- [What to do]:
The copy must match the data below line for line and contain no images.

- [Records for this exercise]:
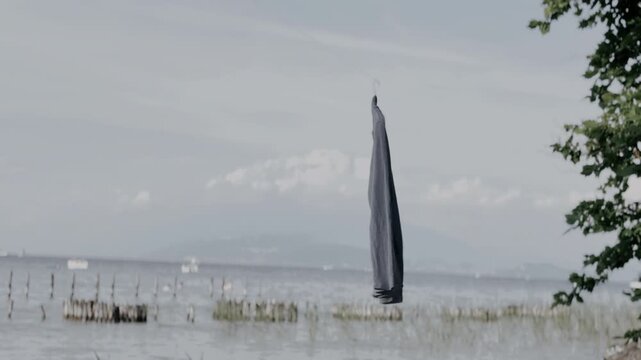 Dark grey long sleeve shirt hanging sideways on a hanger in front of a calm coastal sea landscape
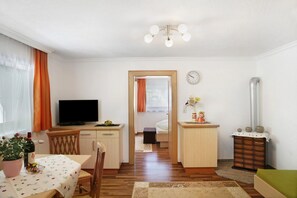 A compact living space with a dining area, a TV, a bed, a small kitchenette, and a radiator. - Apartment "Bergglück" with Mountain View, Wi-Fi & Balcony (See)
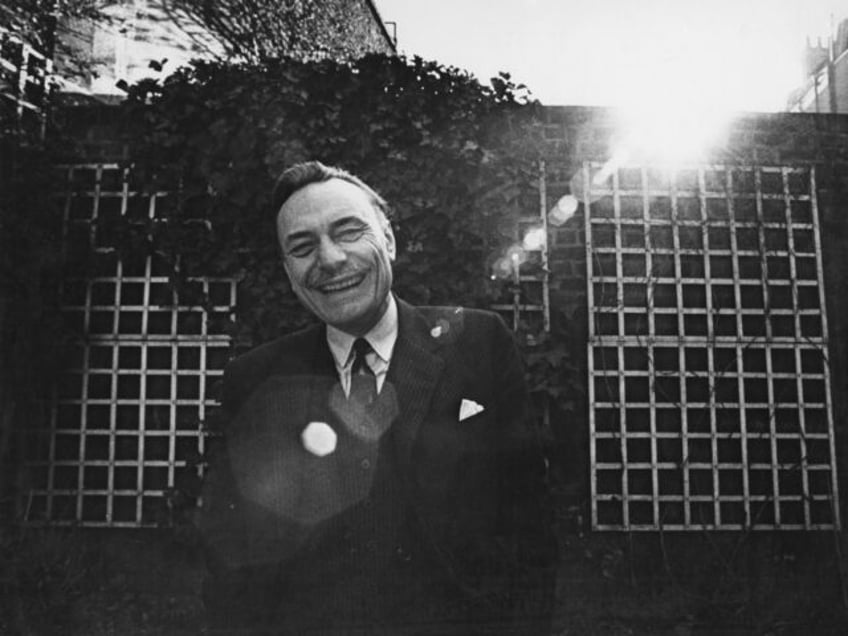 British Conservative Party politician Enoch Powell (1912 - 1998) at home, UK, circa 1965.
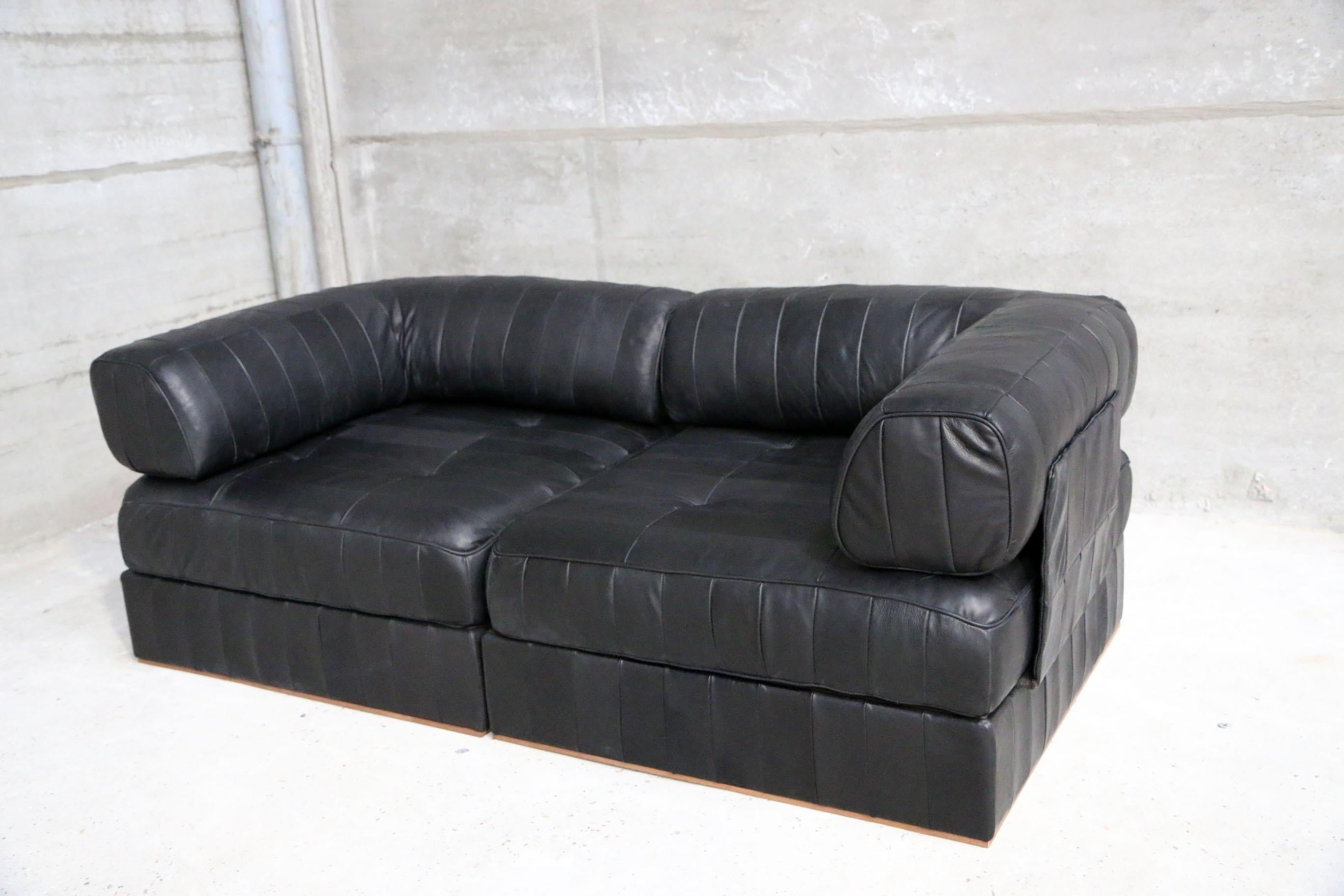Iconic DS88 modular patchwork sofa restored in our signature vintage aniline black leather. New foam and new leather. You can play with the modular composition of the sofa.
See pictures for dimensions and how its build up or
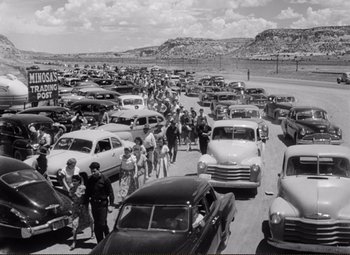 Movie still from “Ace in the Hole” (1951), directed by Billy Wilder – A black and white photo of a crowd of cars on a road; Extreme Wide shot, High angle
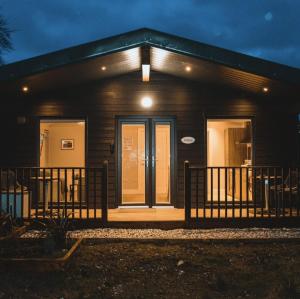 uma casa com uma porta da frente à noite em Broadford Lodges Skye em Broadford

- [Your response]:
 Dark grey long sleeve shirt hanging sideways on a hanger in front of a calm coastal sea landscape
 A compact living space with a dining area, a TV, a bed, a small kitchenette, and a radiator. - Apartment "Bergglück" with Mountain View, Wi-Fi & Balcony (See)
 British Conservative Party politician Enoch Powell (1912 - 1998) at home, UK, circa 1965.
Iconic DS88 modular patchwork sofa restored in our signature vintage aniline black leather. New foam and new leather. You can play with the modular composition of the sofa.
See pictures for dimensions and how its build up or
 Movie still from “Ace in the Hole” (1951), directed by Billy Wilder – A black and white photo of a crowd of cars on a road; Extreme Wide shot, High angle
 uma casa com uma porta da frente à noite em Broadford Lodges Skye em Broadford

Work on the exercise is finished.